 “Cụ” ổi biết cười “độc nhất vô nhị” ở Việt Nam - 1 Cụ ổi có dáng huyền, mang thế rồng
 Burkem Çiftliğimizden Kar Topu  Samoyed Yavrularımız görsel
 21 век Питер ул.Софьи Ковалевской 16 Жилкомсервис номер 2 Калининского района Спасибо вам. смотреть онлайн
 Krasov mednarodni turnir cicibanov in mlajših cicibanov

* * *

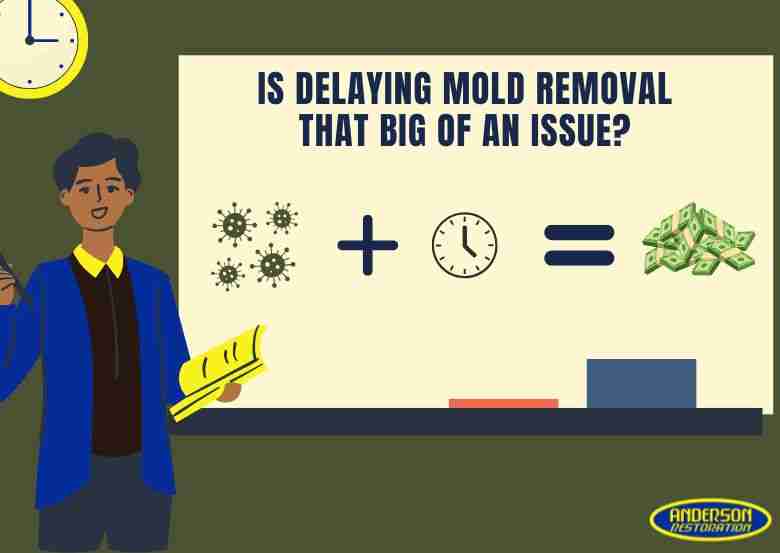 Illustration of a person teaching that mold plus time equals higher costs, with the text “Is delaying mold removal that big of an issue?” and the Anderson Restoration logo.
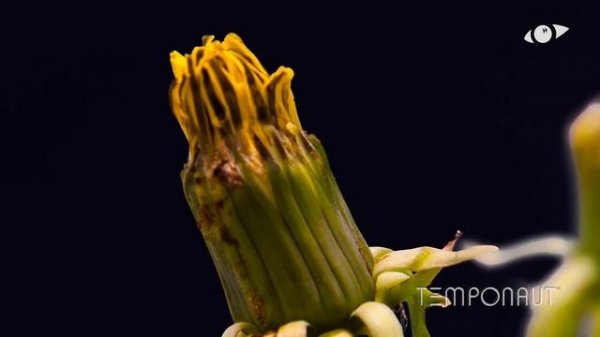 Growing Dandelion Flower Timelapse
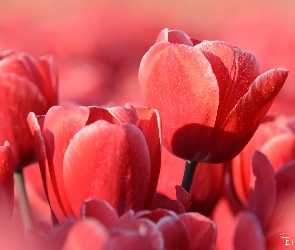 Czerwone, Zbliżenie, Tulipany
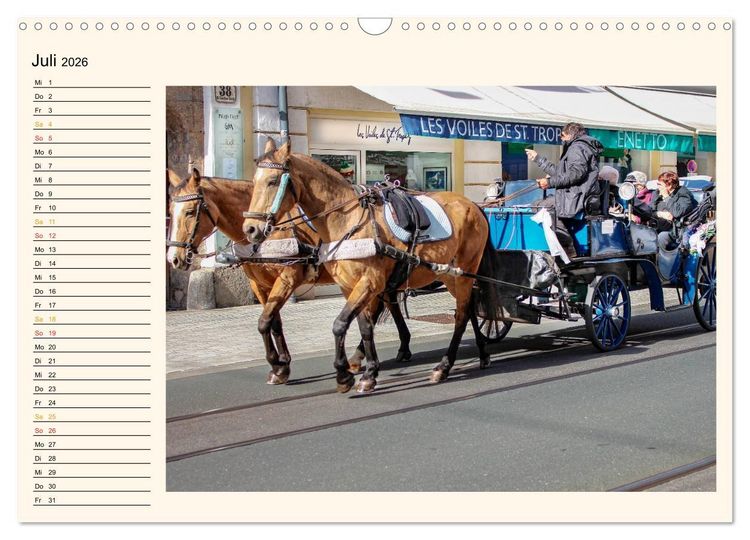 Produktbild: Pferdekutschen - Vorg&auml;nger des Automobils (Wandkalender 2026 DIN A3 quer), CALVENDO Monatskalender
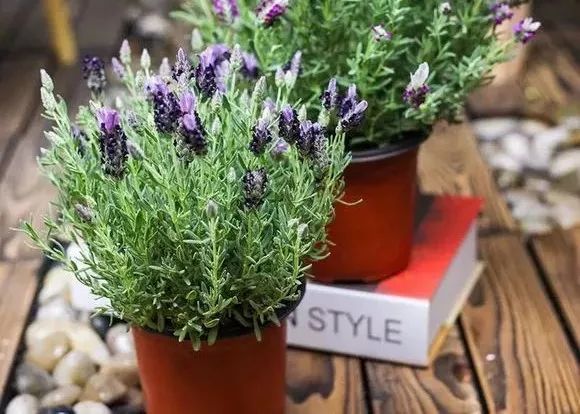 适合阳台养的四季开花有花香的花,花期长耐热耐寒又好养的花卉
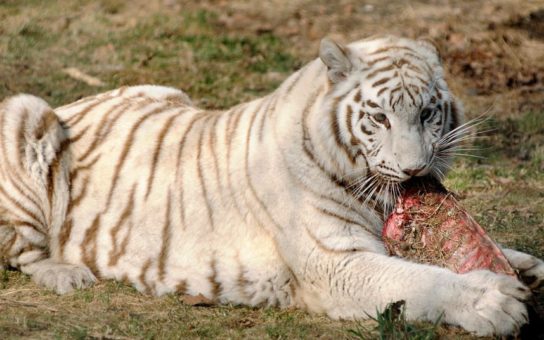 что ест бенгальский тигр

TASK INSTRUCTIONS :: From the material above, set down exactly the lines between the line holding "mang thế rồng" and the line holding "Krasov mednarodni turnir", inclusive. Include nothing else.

RESPONSE BELOW ::
 “Cụ” ổi biết cười “độc nhất vô nhị” ở Việt Nam - 1 Cụ ổi có dáng huyền, mang thế rồng
 Burkem Çiftliğimizden Kar Topu  Samoyed Yavrularımız görsel
 21 век Питер ул.Софьи Ковалевской 16 Жилкомсервис номер 2 Калининского района Спасибо вам. смотреть онлайн
 Krasov mednarodni turnir cicibanov in mlajših cicibanov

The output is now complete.